• Assigned task:
Give back, unaltered, the lines from the one with "Hikari Freeze Dried Blood Worms 1.59oz" to the end of the material, omitting pictures.

• Provided data:

==================================================

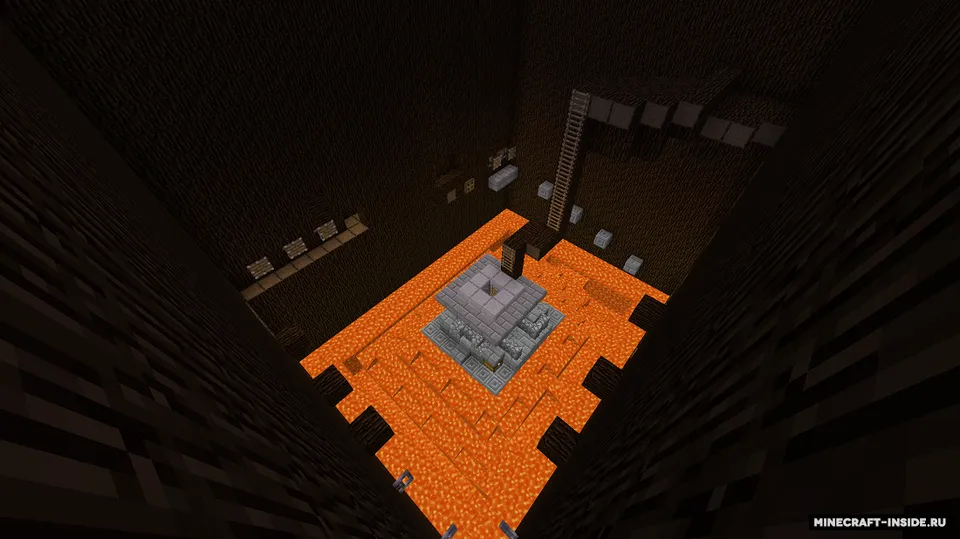 Sanya sarguzasht qidirishda — Minecraft xarita, rasm 7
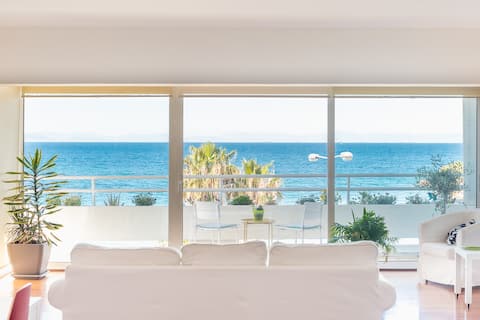 Adelos Seafront design apartment Marina 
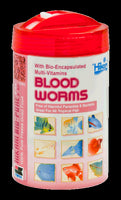 Hikari Freeze Dried Blood Worms 1.59oz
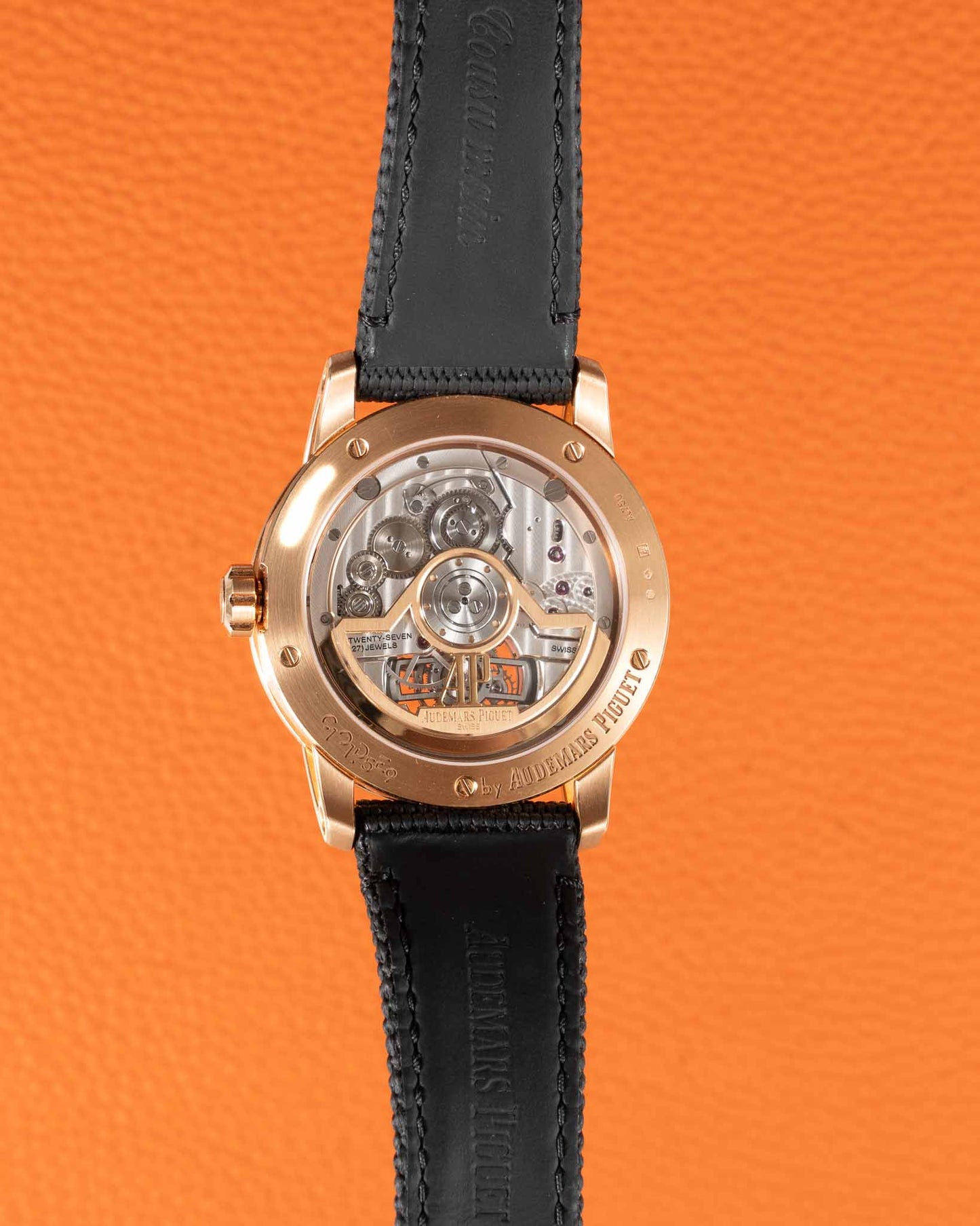 Audemars Piguet Code 11.59 Tourbillon 26396OR "Starry Night" Dial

==================================================

• Output for this task:
 Hikari Freeze Dried Blood Worms 1.59oz
 Audemars Piguet Code 11.59 Tourbillon 26396OR "Starry Night" Dial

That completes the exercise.